#### [How to complete this task]
The lines from the start of the data up to and including the one with "Menina feliz criança" should be returned exactly, and nothing else.

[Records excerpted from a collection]
+ + + + +
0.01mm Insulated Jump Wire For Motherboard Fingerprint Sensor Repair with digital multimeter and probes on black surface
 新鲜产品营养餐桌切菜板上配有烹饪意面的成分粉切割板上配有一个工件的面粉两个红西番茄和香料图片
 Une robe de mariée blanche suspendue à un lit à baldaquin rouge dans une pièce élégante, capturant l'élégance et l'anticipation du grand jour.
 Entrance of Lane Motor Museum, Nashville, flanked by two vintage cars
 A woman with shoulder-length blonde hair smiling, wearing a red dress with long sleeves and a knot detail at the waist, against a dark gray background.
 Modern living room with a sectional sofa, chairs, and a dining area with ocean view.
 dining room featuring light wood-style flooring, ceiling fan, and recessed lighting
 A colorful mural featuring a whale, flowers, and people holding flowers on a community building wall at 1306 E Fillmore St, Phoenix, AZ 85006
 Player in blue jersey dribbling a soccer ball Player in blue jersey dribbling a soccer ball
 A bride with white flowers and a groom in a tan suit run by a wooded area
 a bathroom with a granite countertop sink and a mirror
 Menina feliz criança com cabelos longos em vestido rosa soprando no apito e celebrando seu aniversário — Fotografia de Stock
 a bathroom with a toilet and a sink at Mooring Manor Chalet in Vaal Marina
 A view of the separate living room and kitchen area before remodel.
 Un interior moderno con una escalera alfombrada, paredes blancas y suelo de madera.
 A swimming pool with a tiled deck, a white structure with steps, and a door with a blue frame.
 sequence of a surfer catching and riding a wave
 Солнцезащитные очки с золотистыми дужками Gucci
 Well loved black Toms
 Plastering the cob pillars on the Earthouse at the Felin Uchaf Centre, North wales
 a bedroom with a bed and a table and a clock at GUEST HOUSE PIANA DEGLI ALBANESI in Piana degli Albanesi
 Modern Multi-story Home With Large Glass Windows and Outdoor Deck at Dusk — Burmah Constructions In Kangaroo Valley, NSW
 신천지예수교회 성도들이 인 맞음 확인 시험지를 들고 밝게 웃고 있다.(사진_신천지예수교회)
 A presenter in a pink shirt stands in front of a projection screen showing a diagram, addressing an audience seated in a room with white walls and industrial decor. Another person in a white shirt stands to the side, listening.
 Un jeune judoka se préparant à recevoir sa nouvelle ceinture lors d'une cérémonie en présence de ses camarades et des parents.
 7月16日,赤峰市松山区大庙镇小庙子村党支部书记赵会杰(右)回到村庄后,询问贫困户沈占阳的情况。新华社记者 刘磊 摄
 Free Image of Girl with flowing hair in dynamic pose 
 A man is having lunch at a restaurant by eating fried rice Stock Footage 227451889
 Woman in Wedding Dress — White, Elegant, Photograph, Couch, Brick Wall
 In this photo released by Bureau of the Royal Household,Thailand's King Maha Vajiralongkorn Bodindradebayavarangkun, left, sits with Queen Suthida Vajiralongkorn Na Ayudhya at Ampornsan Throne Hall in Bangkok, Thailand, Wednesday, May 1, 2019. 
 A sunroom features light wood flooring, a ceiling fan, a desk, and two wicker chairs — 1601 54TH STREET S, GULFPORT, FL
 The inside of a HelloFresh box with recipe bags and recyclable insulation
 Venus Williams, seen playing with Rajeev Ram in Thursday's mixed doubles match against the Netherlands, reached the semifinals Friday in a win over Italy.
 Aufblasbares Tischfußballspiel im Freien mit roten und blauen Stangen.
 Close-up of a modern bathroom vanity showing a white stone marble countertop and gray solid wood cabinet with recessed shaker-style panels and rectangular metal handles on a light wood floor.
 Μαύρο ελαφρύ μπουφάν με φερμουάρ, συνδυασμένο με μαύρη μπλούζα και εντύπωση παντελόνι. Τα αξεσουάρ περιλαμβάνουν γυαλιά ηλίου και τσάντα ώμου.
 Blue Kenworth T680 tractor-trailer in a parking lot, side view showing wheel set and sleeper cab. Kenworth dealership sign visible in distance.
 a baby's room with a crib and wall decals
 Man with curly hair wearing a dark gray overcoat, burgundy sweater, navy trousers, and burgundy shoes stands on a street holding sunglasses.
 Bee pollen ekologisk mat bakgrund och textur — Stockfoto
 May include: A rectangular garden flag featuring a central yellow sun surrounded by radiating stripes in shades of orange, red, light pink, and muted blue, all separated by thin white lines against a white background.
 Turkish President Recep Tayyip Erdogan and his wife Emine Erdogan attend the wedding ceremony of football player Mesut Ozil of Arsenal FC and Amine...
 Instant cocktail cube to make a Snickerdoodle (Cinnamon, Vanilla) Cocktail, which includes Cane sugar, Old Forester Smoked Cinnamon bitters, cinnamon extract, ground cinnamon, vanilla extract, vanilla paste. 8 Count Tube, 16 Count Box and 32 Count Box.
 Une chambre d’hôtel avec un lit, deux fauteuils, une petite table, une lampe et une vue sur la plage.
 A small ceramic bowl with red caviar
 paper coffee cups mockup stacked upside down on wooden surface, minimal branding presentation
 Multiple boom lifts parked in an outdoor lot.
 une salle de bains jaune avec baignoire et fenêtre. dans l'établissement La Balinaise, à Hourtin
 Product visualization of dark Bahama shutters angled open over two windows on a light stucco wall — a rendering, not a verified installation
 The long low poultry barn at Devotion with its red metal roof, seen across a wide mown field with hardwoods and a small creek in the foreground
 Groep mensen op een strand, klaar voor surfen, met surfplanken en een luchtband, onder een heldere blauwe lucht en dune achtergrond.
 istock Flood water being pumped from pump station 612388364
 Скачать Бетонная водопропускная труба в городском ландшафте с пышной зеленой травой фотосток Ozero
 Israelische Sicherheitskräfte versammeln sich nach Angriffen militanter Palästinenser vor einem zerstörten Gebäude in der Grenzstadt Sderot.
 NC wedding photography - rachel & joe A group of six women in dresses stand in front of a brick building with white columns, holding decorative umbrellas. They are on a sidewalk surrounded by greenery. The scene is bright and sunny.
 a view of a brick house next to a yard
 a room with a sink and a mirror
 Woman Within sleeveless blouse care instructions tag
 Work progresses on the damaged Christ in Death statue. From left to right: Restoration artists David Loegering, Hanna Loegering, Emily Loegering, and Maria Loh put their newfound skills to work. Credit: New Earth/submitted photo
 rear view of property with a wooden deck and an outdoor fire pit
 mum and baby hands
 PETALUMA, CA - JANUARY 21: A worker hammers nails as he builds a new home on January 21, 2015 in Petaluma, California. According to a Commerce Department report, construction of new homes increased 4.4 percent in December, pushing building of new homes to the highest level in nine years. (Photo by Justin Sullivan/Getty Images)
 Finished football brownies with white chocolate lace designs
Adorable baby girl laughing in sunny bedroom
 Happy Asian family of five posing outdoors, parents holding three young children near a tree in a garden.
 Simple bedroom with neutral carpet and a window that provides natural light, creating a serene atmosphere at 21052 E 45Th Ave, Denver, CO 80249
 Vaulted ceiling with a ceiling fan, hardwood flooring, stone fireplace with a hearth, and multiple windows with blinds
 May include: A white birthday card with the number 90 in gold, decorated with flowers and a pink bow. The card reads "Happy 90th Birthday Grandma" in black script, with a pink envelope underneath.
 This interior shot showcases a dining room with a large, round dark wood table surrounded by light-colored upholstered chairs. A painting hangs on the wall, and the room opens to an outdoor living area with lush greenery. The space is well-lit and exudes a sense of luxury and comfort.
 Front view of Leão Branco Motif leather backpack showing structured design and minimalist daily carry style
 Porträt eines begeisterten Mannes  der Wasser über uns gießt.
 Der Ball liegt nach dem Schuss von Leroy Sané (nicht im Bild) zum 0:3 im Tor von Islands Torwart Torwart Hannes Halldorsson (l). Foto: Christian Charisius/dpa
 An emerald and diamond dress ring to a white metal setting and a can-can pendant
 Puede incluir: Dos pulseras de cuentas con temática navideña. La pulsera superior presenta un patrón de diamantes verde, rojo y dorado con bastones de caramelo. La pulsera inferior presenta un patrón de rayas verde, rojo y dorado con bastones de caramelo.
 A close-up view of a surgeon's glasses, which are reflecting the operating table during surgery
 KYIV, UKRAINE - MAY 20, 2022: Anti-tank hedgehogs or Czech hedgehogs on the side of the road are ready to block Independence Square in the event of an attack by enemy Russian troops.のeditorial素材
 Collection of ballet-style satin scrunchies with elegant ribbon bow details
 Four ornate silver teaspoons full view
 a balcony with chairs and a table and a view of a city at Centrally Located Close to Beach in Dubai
+ + + + +
#### [Exercise response]
0.01mm Insulated Jump Wire For Motherboard Fingerprint Sensor Repair with digital multimeter and probes on black surface
 新鲜产品营养餐桌切菜板上配有烹饪意面的成分粉切割板上配有一个工件的面粉两个红西番茄和香料图片
 Une robe de mariée blanche suspendue à un lit à baldaquin rouge dans une pièce élégante, capturant l'élégance et l'anticipation du grand jour.
 Entrance of Lane Motor Museum, Nashville, flanked by two vintage cars
 A woman with shoulder-length blonde hair smiling, wearing a red dress with long sleeves and a knot detail at the waist, against a dark gray background.
 Modern living room with a sectional sofa, chairs, and a dining area with ocean view.
 dining room featuring light wood-style flooring, ceiling fan, and recessed lighting
 A colorful mural featuring a whale, flowers, and people holding flowers on a community building wall at 1306 E Fillmore St, Phoenix, AZ 85006
 Player in blue jersey dribbling a soccer ball Player in blue jersey dribbling a soccer ball
 A bride with white flowers and a groom in a tan suit run by a wooded area
 a bathroom with a granite countertop sink and a mirror
 Menina feliz criança com cabelos longos em vestido rosa soprando no apito e celebrando seu aniversário — Fotografia de Stock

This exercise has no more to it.